Preview your web apps with RWX

June 1, 2026
Tony Schneider
Tony Schneider
Preview your web apps with RWX

We're excited to roll out RWX web apps, giving teams a simple way to expose a preview web app from an RWX run definition.

These days, code moves faster than traditional environment strategies were designed for. A fixed path from development to staging to production can work for release gates, but it’s a poor fit for reviewing every branch, pull request, or agent-generated change. Those environments become shared bottlenecks, or they turn into a pile of infrastructure your team has to keep alive.

RWX web apps give you another option: a deployed preview environment for each change, without maintaining a separate preview deployment system. Build the app, start the services it needs, boot the server, and share a URL.

Because web apps spin down after they’ve been idle, keeping a URL around for every branch or pull request doesn’t mean keeping every preview running. When someone opens the URL again, RWX starts it back up.

That setup can live in your existing run definition:

tasks:
# your tasks to build the app
- key: my-app
use: [build]
app:
endpoint: pr-${{ init.pull-request-number }}
port: 3000
run: ./start-your-app

A web app task runs a long-lived process and serves traffic on a public rwx.run URL. The endpoint becomes part of the subdomain, and the port is where RWX sends traffic to your server process.

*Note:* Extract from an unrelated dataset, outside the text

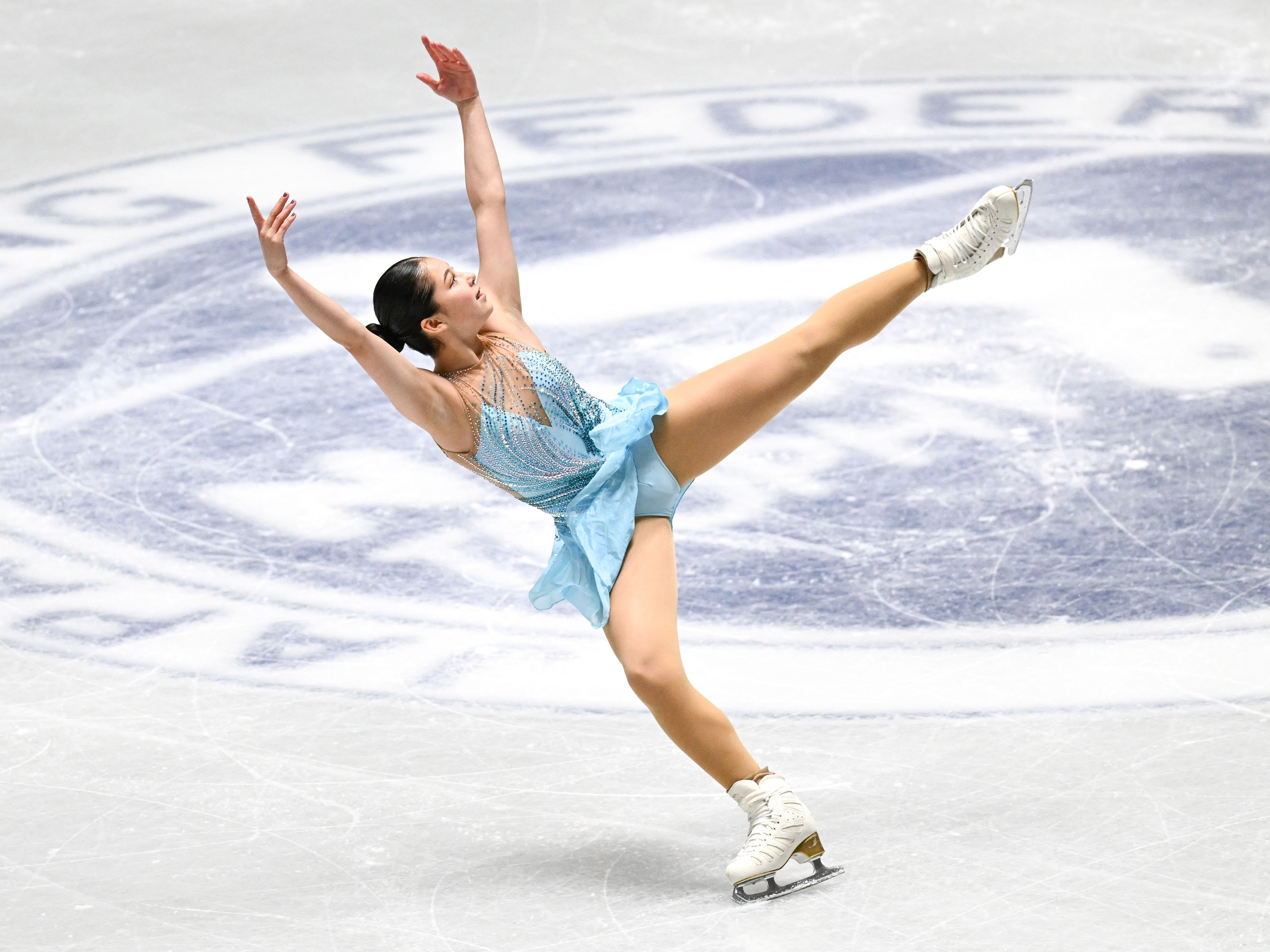Die Eiskunstläuferin Alysa Liu tritt beim ISU Grand Prix of Figure Skating NHK Trophy 2021 in Tokio im Free Skate an.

If your app needs a database, cache, or other backing services, you can start them with background-processes before the server boots. That means the preview environment can use the same Docker Compose services, installation tasks, and build outputs that the rest of your RWX run uses.

And because it runs on RWX, your preview app also benefits from content-based caching. Dependency installation, generated assets, build outputs, and other setup work can be reused when nothing relevant has changed, keeping preview apps fast without maintaining a separate image or snapshot system.

Once the app is running, RWX gives you a URL you can print, post to a pull request, send to Slack, or hand to an agent. You can use a canonical URL pinned to a specific cache key, which is useful for integration tests that should run against a stable preview. Or you can use a friendly URL that tracks the latest build for a given endpoint. Both variants are accessible from within your tasks.